If your church wants to be better, maybe it should start competing with other churches.

Judging from the reactions I get from some church people after I say that, you’d think I’d suggested adding Justin Bieber to the Holy Trinity.

Some of us have become afraid of the word competition. We think the concept is worldly, even evil. But competition doesn’t need to be a bad thing. At its best, competition can make everyone stronger.

In the church world, fear of competition comes largely from a misconception commonly heard in economics discussions. Some of us think that the number of potential church members in a community make up a pie, and that the size of that pie is fixed. Each church gets a piece of that pie, and the only way to get a bigger piece is to take pie from the other churches.

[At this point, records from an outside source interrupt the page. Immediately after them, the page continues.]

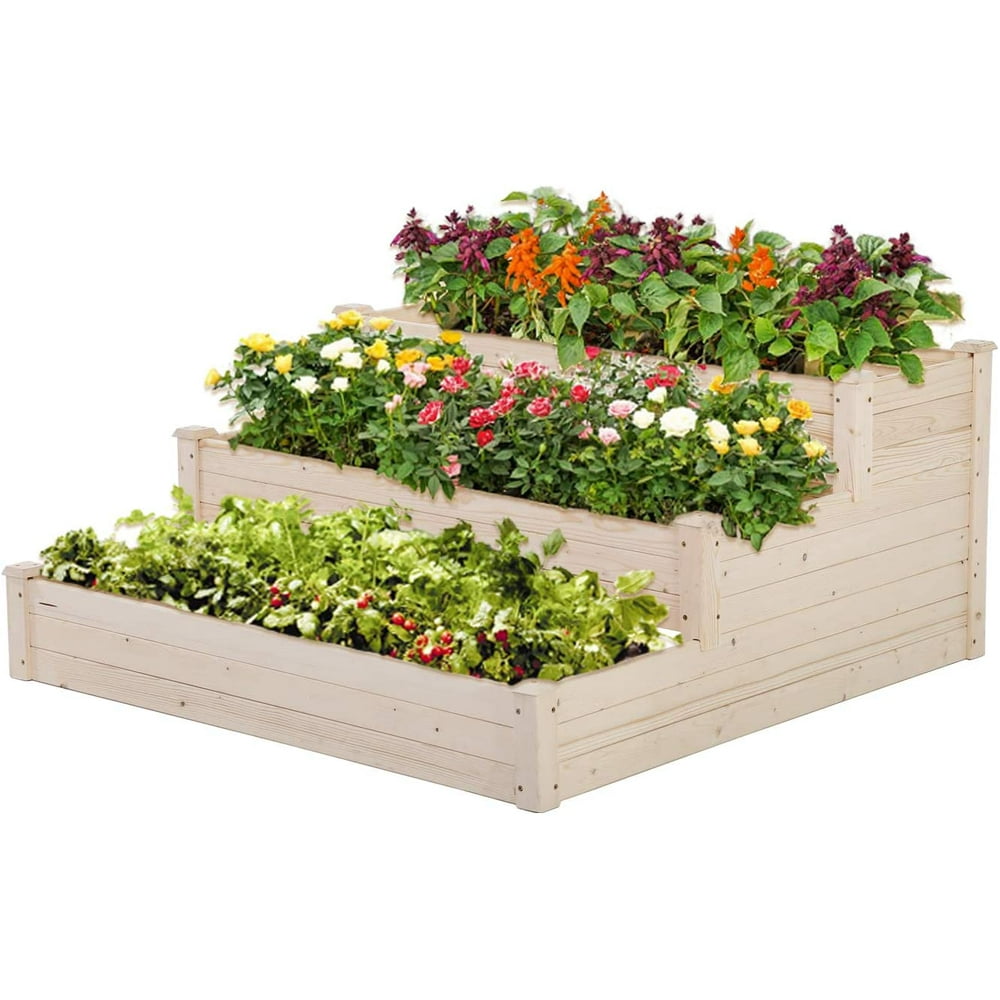 3Tier Garden Raise Bed Elevated Garden Bed Wood Planter Box Kit Wooden Elevated Planter Box for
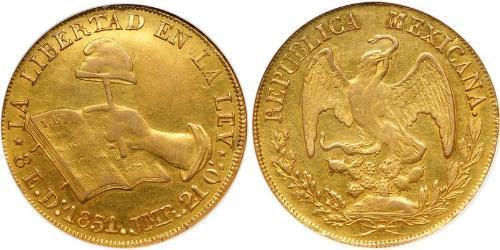 8 Escudo Estados Unidos Mexicanos (1846 - 1863) Oro 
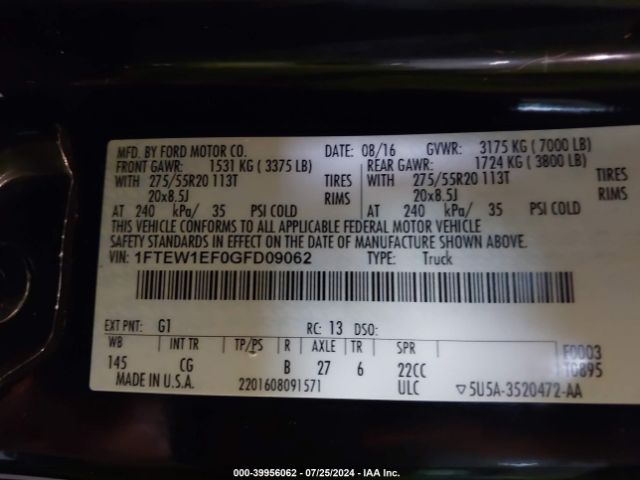 1FTEW1EF0GFD09062 Ford F-150 Xl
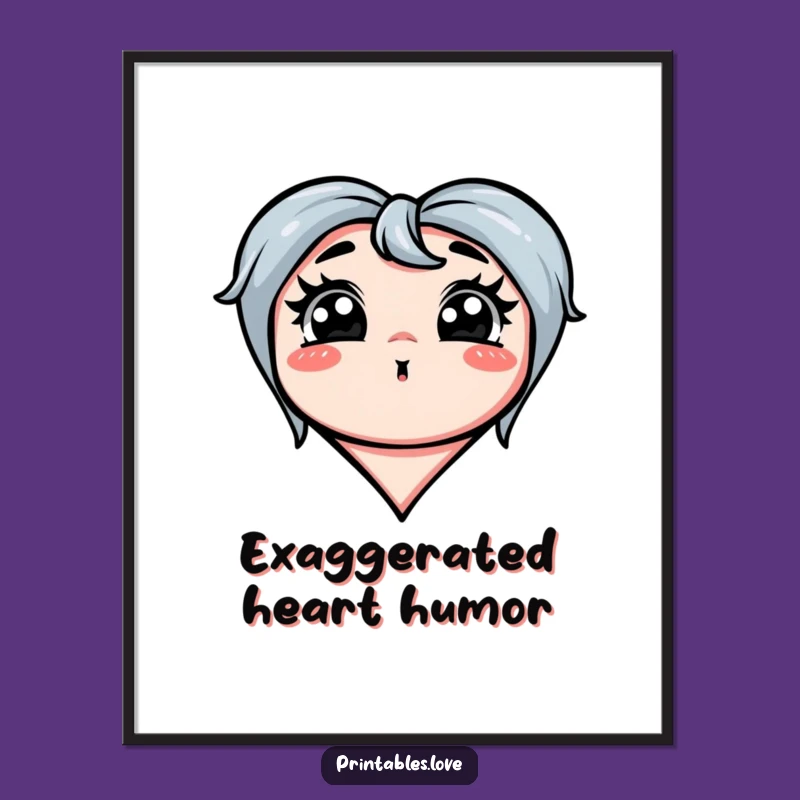 Funny Silly Face Heart Digital Art: Exaggerated Humor, Perfect Gift!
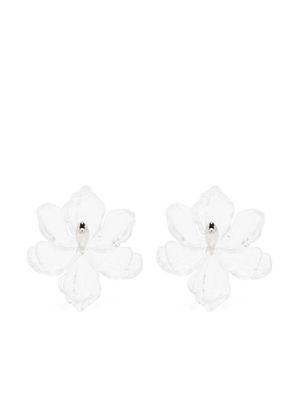 Hugo Kreit Iris floral-appliqué earrings - Neutrals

This simply isn’t so. Here’s why.

In the business world, if a product has reached market saturation, then the pie analogy starts to have some validity. Theoretically, once there are no new customers for a particular type of product, competing vendors are forced to go after each other’s customers to increase their market share.

But Christianity is nowhere near market saturation, so churches don’t need to compete for the same people.

The reality, of course, is that a congregation that is effective at attracting the unchurched is also going to occasionally steal a few sheep from the church down the street. This is normal, and it need not be taken personally. There’s a big difference between directly targeting another church’s members and attracting them while trying to reach a different group.

Remember, people in the pews often have the same hang-ups about church as the ones who aren’t already part of a congregation—they just haven’t figured out how to escape yet. There’s no way to attract one group without appealing to the other. 

So what’s the point of competing if it isn’t to destroy the competition?

Well, for one, to raise the bar and improve everyone’s game. Competition can be friendly.

Consider one-on-one basketball. Although you want to win every time you play, if you have half a brain you also want your friend’s game to improve as well. Why? Because that pushes you to continue to raise the level of your game.

Playing against scrubs is good for your ego, but it won’t make you a better basketball player.